The script worked. But, it just worked. Did not do anything impressive to see. And also, way too slowly. I estimated it was going to take around 20 minutes to cover all the available ports. Now, that is a real definition of slow.

The problem is, all the processes are spawned sequentially, one after the another as the previous process terminates. So, we need a bit of parallelism magic here. Enter, GNU Parallel. It was love at first sight :)

Slightly modifying the above code, we get

parallel -j 200 "echo port {} && netcat -w 10 $TGT_IP {}" ::: `seq 65535`

Here the -j flag is to denote how many jobs it needs to spawn in parallel. 200 was a good idea. This iterated over the entire range of ports in less than five minutes! Now, that’s what I would call an improvement.

It is now time to check whatever that has been captured by tcpdump to see if all the ports are accounted for. A simple grep with sort and uniq to get what are the ports which have been hit.

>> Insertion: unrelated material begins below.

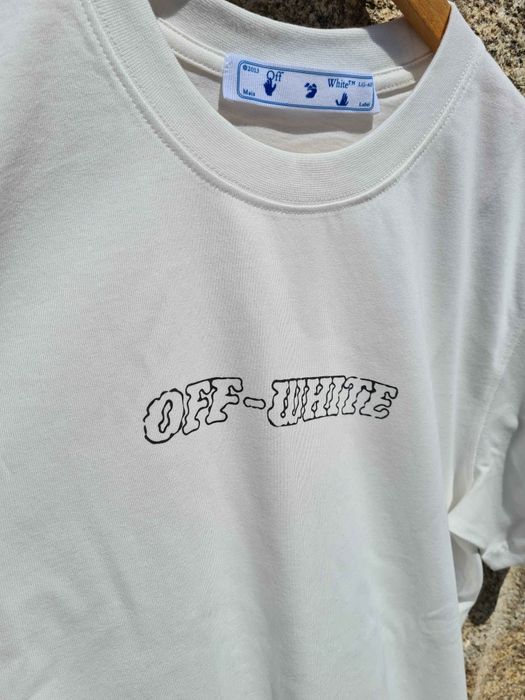 T-shirt Off-white branca M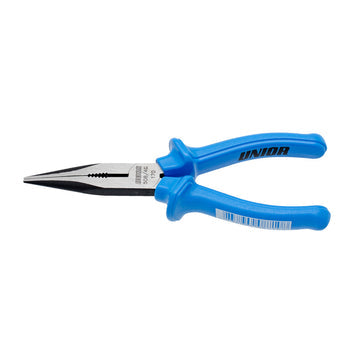 Long nose pliers with side cutter and pipe grip, straight 508/4G 170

grep[0-9]* -o dump.pcap | cut -d. -f 5 | sort -n | uniq > openports
seq 1 65535 > availports
diff availports openports

This diff will show all the ports which are missing in the open ports file. I got a list of ports which I was not able to listen from the VM.

We can modify this in a slight way and use it to find out which are the outbound ports are being allowed by a corporate firewall to connect to the public internet. I did this by running the listener on my VPS and sadly had to confirm again that only connections to ports 80 and 443 are allowed from students’ systems.

####Alternative Idea

I first had a completely different approach to go about this problem. I was supposed to make sure that a service can listen to any port in the available range. But, listening to each an every port and making sure that it can send and receive data, is a tiresome job. So, we can setup port forwarding in the VM using iptables, to forward all the ports except one (say 9999), to that particular port(9999).

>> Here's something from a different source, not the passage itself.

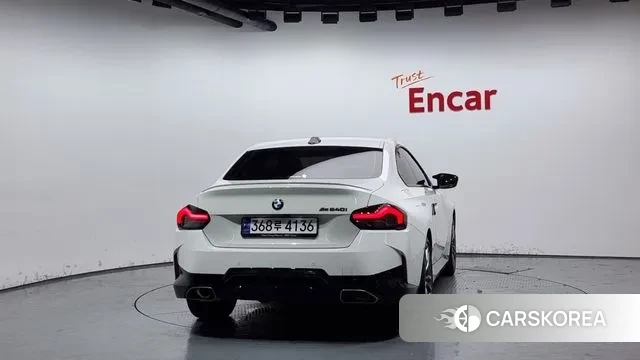 BMW 2 Series (G42) id 2993256 из Кореи 14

Something along the lines of

iptables -t nat -A PREROUTING -p tcp --dports 1:9998 -j REDIRECT --to-port 9999
iptables -t nat -A PREROUTING -p tcp --dports 10000:65535 -j REDIRECT --to-port 9999

After the port forwarding is done, all traffic addressed to any of those ports to that particular machine, will be redirected to port 9999. We just need to setup a listener to receive the data (where the intended port is included in the payload) to mark that the particular port is open. We can also send a reply in the TCP connection and outbound connection can be thus checked.

Something along these lines can be implemented if the outbound communication must also be checked. Otherwise, just a quick and dirty approach like the one detailed first, would be enough.